In Carlsbad, responsible practices put oysters on local tables—and foster cleaner seas
Courtesy of the Carlsbad Aquafarm
Carlsbad Aquafarm

Carlsbad Aquafarm

Courtesy of the Carlsbad Aquafarm

In a past life, I was a substitute teacher. I’d tell the kids fun facts about myself, a rarely successful attempt to get them to think of me as human so they wouldn’t throw markers at me. I’d grown up in a desert, I’d inform them. I love ice hockey. My favorite animals are oysters.

Once, a tiny sixth grader raised his hand. “Do you eat oysters?”

“I do!” I said.

He gazed at me with dawning horror. “Why would you eat your favorite animal?”

“Well,” I stammered. “They don’t have brains.” His lip trembled.
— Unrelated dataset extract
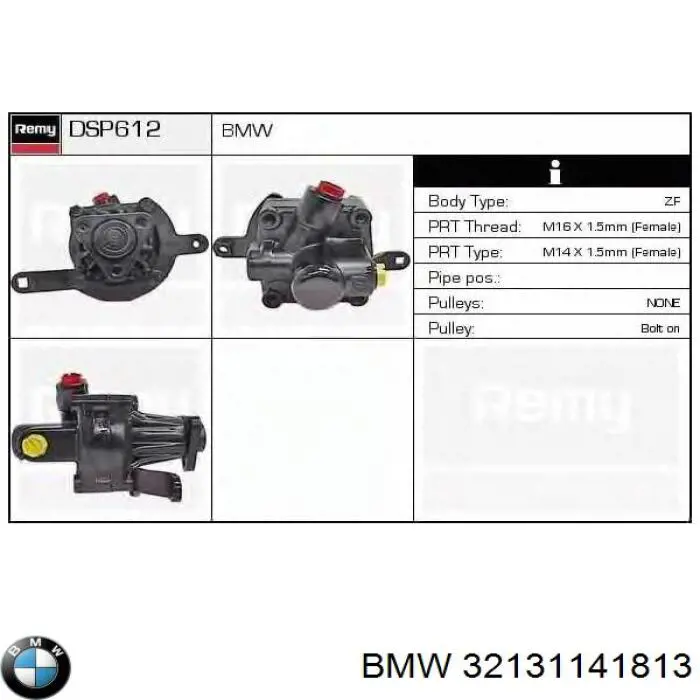 Рулевой редуктор 32131141813 BMW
I knew abruptly that I would not be able to avoid the airborne markers. I had become a flesh-eating monster.

Aquafarm Oysters

Farmed in saltier water, Carlsbad’s oysters taste brinier than those from the rain-soaked Pacific Northwest.

Courtesy of the Carlsbad Aquafarm

It’s easy to explain why I eat oysters—they’re delicious. Often unfairly maligned as “slimy,” their texture, to me, is more akin to a soft fruit, tender with a slight bite. A raw oyster hits the tongue with a burst of salt before mellowing out into a fresh almost-sweetness. They’re also marvelously healthy, rich in vitamins B12 and D, iron, magnesium, phosphorus, zinc, copper, and other micronutrients.

Explaining why they’re my favorite animals takes longer.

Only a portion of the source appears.